What to do: Word for word, transcribe the lines below and drop the pictures.

Web page caption snippets:
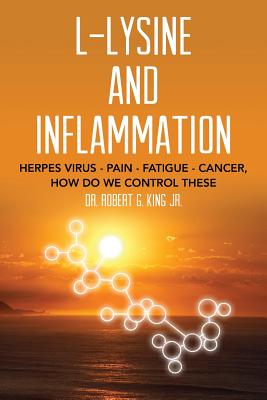 L-Lysine and Inflammation: Herpes Virus - Pain - Fatigue - Cancer, How Do We Control These - Robert G. King Jr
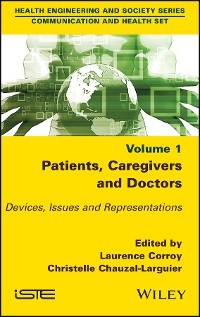 Patients, Caregivers and Doctors - 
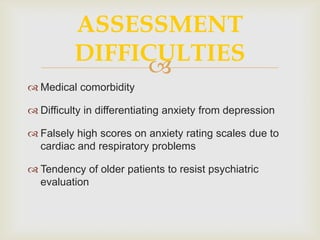 ASSESSMENT
          DIFFICULTIES
               
 Medical comorbidity

 Difficulty in differentiating anxiety from depression

 Falsely high scores on anxiety rating scales due to
  cardiac and respiratory problems

 Tendency of older patients to resist psychiatric
  evaluation
 
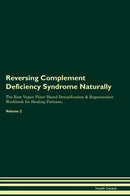 Reversing Complement Deficiency Syndrome Naturally The Raw Vegan Plant-Based Detoxification & Regeneration Workbook for Healing Patients. Volume 2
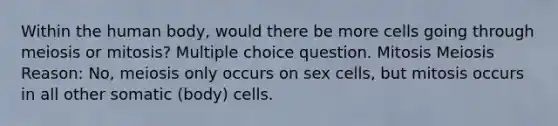 Within the human body, would there be more cells going through meiosis or mitosis? Multiple choice question. Mitosis Meiosis Reason: No, meiosis only occurs on sex cells, but mitosis occurs in all other somatic (body) cells.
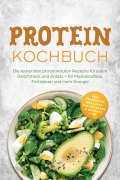 Cover-Bild zum Titel 'Protein Kochbuch: Die leckersten proteinreichen Rezepte für jeden Geschmack und Anlass - für Muskelaufbau, Fettabbau und mehr Energie - inkl. Frühstück, Meal Prep, Snacks, Soßen & Desserts uvm.' von 'Claudia Hollweg'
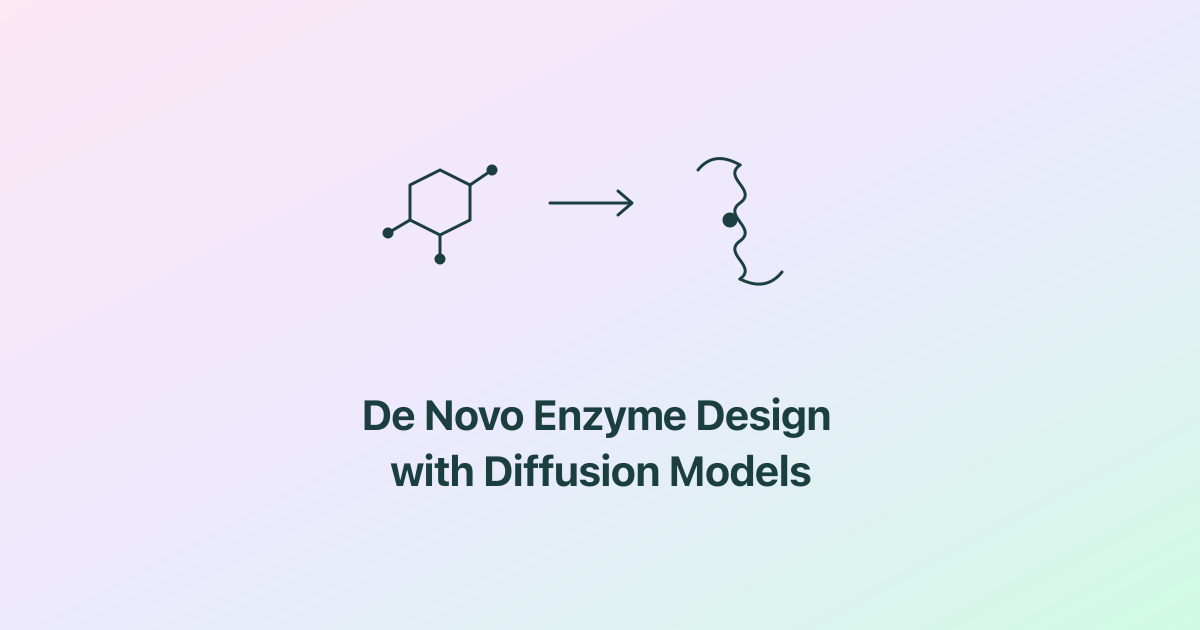 De Novo Enzyme Design with Diffusion Models: A Practical Guide | Purna ...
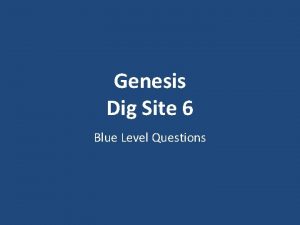 Genesis Dig Site 6 Blue Level Questions What
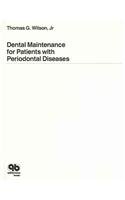 Dental Maintenance for Patients With Periodontal Diseases,Used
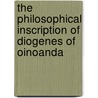 The Philosophical Inscription of Diogenes of Oinoanda door Martin Ferguson Smith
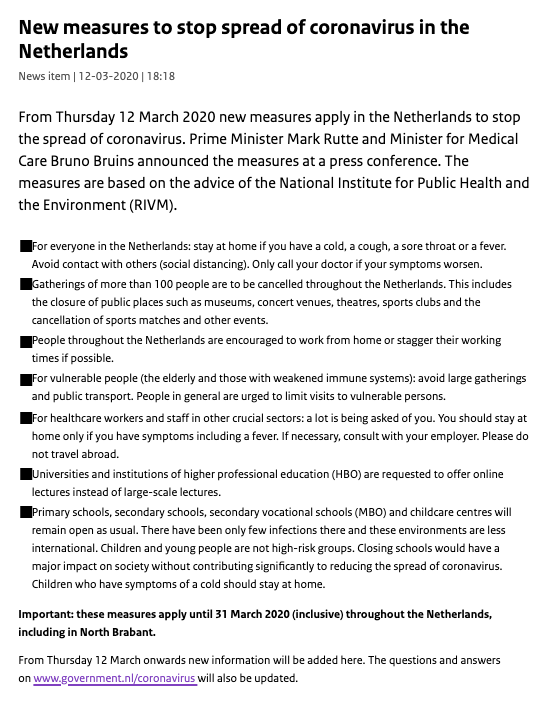 The Netherlands is on high alert due to the impact Coronavirus has caused across Europe. Prime Minister Mark Rutte and Minister for Medical Care Bruno Bruins issued a press release with new measures to follow. "For everyone in the Netherlands: stay at home if you have a cold, a cough, a sore throat or a fever. Avoid contact with others (social distancing)".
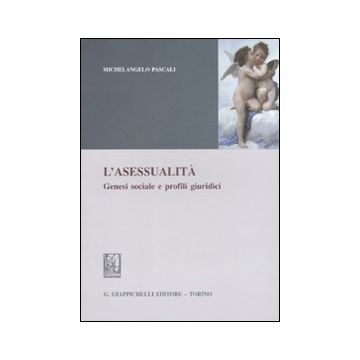 L'asessualità. Genesi sociale e profili giuridici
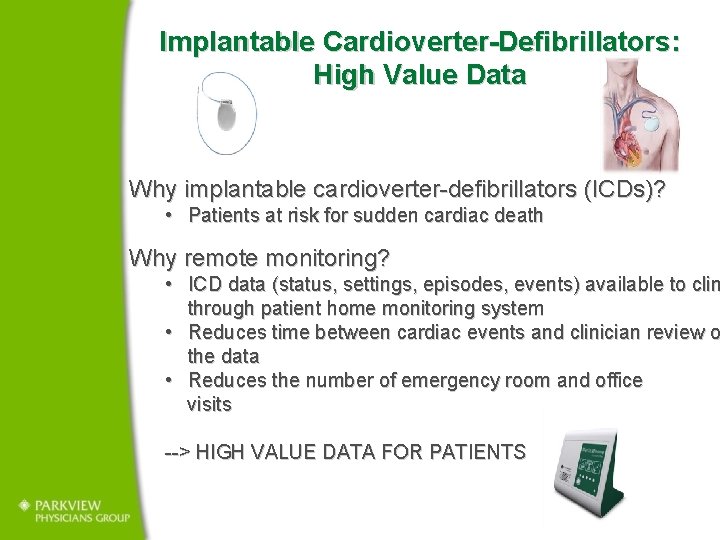 Implantable Cardioverter-Defibrillators: High Value Data Why implantable cardioverter-defibrillators (ICDs)? • Patients at risk for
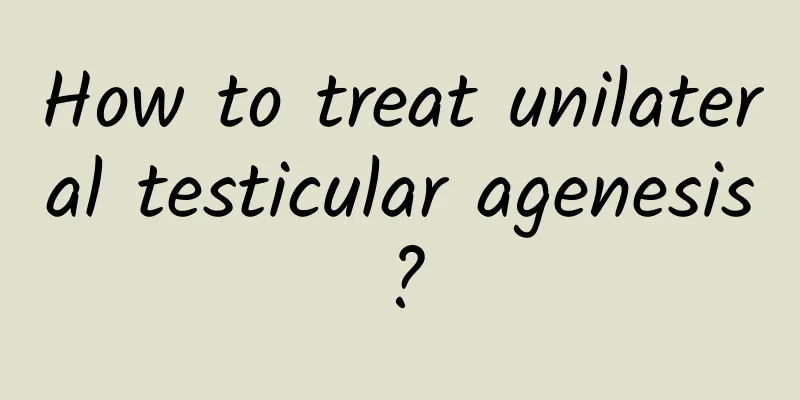 How to treat unilateral testicular agenesis?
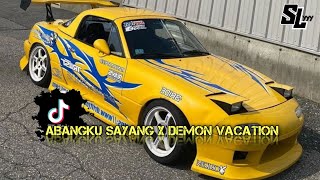 Download lagu DJ ABANGKU SAYANG X DEMON VACATION VIRAL TIKTOK TERBARU BY DJ SLAYYY mp3 Download lagu DJ ABANGKU SAYANG X DEMON VACATION VIRAL TIKTOK TERBARU BY DJ SLAYYY mp3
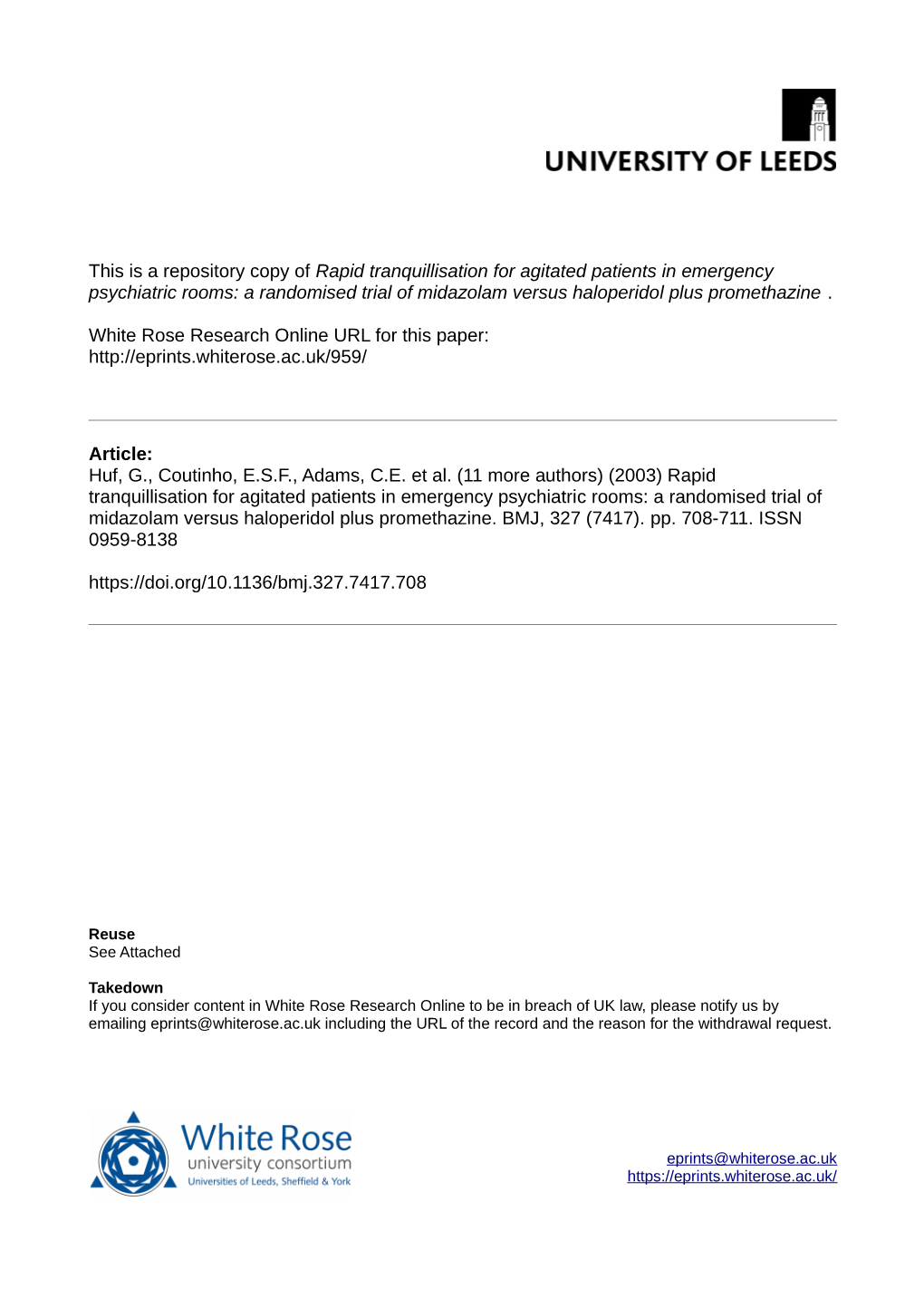 Rapid Tranquillisation for Agitated Patients in Emergency Psychiatric Rooms: a Randomised Trial of Midazolam Versus Haloperidol Plus Promethazine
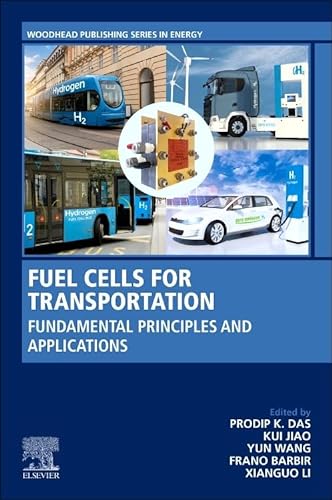 Fuel Cells for Transportation: Fundamental Principles and Applications von Woodhead Publishing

Exercise output:
 L-Lysine and Inflammation: Herpes Virus - Pain - Fatigue - Cancer, How Do We Control These - Robert G. King Jr
 Patients, Caregivers and Doctors - 
 ASSESSMENT
          DIFFICULTIES
               
 Medical comorbidity

 Difficulty in differentiating anxiety from depression

 Falsely high scores on anxiety rating scales due to
  cardiac and respiratory problems

 Tendency of older patients to resist psychiatric
  evaluation
 
 Reversing Complement Deficiency Syndrome Naturally The Raw Vegan Plant-Based Detoxification & Regeneration Workbook for Healing Patients. Volume 2
 Within the human body, would there be more cells going through meiosis or mitosis? Multiple choice question. Mitosis Meiosis Reason: No, meiosis only occurs on sex cells, but mitosis occurs in all other somatic (body) cells.
 Cover-Bild zum Titel 'Protein Kochbuch: Die leckersten proteinreichen Rezepte für jeden Geschmack und Anlass - für Muskelaufbau, Fettabbau und mehr Energie - inkl. Frühstück, Meal Prep, Snacks, Soßen & Desserts uvm.' von 'Claudia Hollweg'
 De Novo Enzyme Design with Diffusion Models: A Practical Guide | Purna ...
 Genesis Dig Site 6 Blue Level Questions What
 Dental Maintenance for Patients With Periodontal Diseases,Used
 The Philosophical Inscription of Diogenes of Oinoanda door Martin Ferguson Smith
 The Netherlands is on high alert due to the impact Coronavirus has caused across Europe. Prime Minister Mark Rutte and Minister for Medical Care Bruno Bruins issued a press release with new measures to follow. "For everyone in the Netherlands: stay at home if you have a cold, a cough, a sore throat or a fever. Avoid contact with others (social distancing)".
 L'asessualità. Genesi sociale e profili giuridici
 Implantable Cardioverter-Defibrillators: High Value Data Why implantable cardioverter-defibrillators (ICDs)? • Patients at risk for
 How to treat unilateral testicular agenesis?
 Download lagu DJ ABANGKU SAYANG X DEMON VACATION VIRAL TIKTOK TERBARU BY DJ SLAYYY mp3 Download lagu DJ ABANGKU SAYANG X DEMON VACATION VIRAL TIKTOK TERBARU BY DJ SLAYYY mp3
 Rapid Tranquillisation for Agitated Patients in Emergency Psychiatric Rooms: a Randomised Trial of Midazolam Versus Haloperidol Plus Promethazine
 Fuel Cells for Transportation: Fundamental Principles and Applications von Woodhead Publishing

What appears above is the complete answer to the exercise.